Pro-government tanks in the Saudi-led coalition, deployed on the outskirts of the southern Yemeni port city of Aden on August 3, 2015.

Photographer: Saleh Al-Obeidi/AFP via Getty Images

Yemen’s Saudi-backed forces said they’ve pushed Houthi fighters out of a key military base and a provincial capital, victories that may allow them to advance deeper into rebel-held territory.

The al-Anad base, 60 kilometers (38 miles) north of the southern port city of Aden, was seized after days of battles in which dozens of Houthi rebels and pro-government fighters died, the state-controlled Saba news agency reported. The Houthis were also driven out of al-Hawtah, the capital of the province of Lahj, according to Ali al-Ahmadi, a spokesman of the Saudi-backed forces, and local residents.

The gains show how pro-government forces, backed by airpower and advisers from the Saudi-led military coalition, are maintaining their momentum in the fight against the Shiite rebels since re-taking Aden last month. The victories, however, remain confined to southern Yemen.

Capturing al-Anad represents “a big achievement,” Mustafa Alani, an analyst at the Gulf Research Center in Geneva, said by phone. The most fortified airbase in Yemen, al-Anad offers the coalition a launchpad from which it may be able to expand its presence in the south, and perhaps move north toward the capital, Sana’a, Alani said.

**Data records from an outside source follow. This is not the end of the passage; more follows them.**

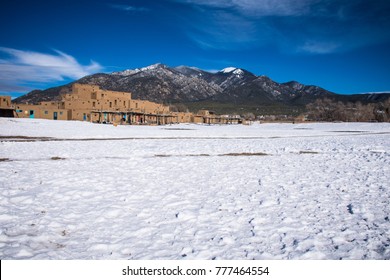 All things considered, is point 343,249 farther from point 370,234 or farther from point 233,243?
point 233,243

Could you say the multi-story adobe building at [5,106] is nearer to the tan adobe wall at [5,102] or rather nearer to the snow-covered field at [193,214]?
the tan adobe wall at [5,102]

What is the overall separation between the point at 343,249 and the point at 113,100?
73777mm

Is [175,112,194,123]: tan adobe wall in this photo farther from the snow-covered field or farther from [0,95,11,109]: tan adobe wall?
the snow-covered field

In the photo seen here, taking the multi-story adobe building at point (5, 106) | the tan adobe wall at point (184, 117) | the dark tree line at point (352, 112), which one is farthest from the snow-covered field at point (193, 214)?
the dark tree line at point (352, 112)

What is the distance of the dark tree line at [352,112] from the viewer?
293ft

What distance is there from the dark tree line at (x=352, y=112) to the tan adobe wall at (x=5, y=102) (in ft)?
324

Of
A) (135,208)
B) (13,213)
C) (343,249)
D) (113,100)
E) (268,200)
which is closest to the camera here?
(343,249)

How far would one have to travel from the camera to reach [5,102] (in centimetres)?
5900

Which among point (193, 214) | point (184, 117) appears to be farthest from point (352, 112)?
point (193, 214)

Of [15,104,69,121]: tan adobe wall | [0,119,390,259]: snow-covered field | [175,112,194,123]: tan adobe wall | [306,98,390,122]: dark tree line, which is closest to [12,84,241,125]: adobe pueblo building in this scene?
[15,104,69,121]: tan adobe wall

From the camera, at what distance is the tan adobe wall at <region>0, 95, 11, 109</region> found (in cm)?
5828

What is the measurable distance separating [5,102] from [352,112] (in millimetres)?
105060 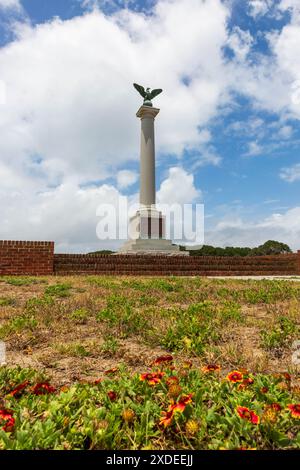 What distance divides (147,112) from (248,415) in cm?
2065

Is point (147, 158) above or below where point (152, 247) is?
above

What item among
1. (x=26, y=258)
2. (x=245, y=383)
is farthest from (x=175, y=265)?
(x=245, y=383)

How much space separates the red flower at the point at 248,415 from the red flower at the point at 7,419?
3.81 ft

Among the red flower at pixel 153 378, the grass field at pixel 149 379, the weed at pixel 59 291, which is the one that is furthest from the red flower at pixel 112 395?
the weed at pixel 59 291

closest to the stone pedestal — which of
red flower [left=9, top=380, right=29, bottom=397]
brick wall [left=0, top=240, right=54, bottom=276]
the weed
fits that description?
brick wall [left=0, top=240, right=54, bottom=276]

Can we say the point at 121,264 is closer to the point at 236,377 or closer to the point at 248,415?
the point at 236,377

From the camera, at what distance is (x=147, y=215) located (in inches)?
762

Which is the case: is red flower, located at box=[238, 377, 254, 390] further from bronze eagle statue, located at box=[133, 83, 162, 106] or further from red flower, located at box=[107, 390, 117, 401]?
bronze eagle statue, located at box=[133, 83, 162, 106]

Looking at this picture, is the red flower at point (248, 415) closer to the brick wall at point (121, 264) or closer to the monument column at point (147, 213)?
the brick wall at point (121, 264)

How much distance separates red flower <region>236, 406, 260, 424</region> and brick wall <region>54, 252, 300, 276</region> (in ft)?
40.4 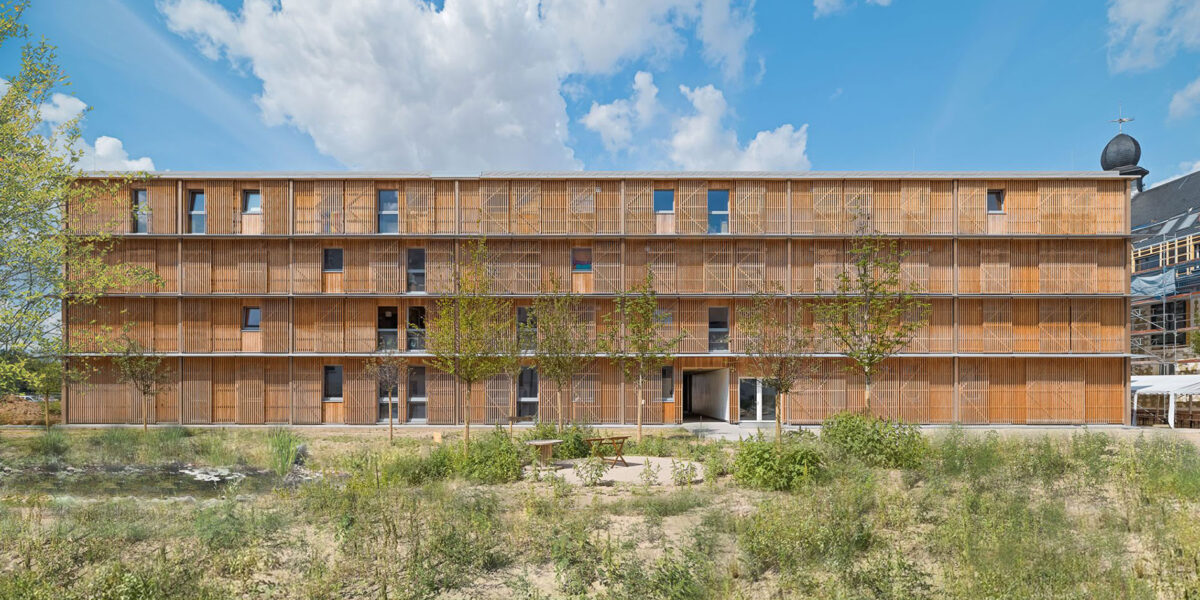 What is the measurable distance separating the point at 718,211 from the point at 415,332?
14.0 metres

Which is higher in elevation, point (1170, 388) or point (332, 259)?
point (332, 259)

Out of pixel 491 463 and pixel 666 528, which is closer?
pixel 666 528

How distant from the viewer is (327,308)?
2295 centimetres

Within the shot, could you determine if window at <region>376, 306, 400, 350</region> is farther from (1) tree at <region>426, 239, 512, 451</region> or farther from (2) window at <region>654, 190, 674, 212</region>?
(2) window at <region>654, 190, 674, 212</region>

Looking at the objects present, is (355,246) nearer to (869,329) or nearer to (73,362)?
(73,362)

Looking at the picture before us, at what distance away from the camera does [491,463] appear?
11664 millimetres

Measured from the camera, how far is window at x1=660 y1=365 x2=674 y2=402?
75.7 ft

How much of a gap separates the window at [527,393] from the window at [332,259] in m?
9.04

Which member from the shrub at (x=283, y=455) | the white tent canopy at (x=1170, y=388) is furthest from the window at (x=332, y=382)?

The Houthis still control swaths of north and central Yemen as well as state institutions, said Sultan Barakat, director of research at the Brookings Doha Center.

No Game Changer

“I wouldn’t bank too much on this as a game-changer at this stage,” he said.

The Saudis have led a four-month bombing campaign aimed at rolling back Houthi advances and reinstating the ousted government of President Abdurabuh Mansur Hadi. Pro-government forces retook Aden from the Houthis in July after months of fighting.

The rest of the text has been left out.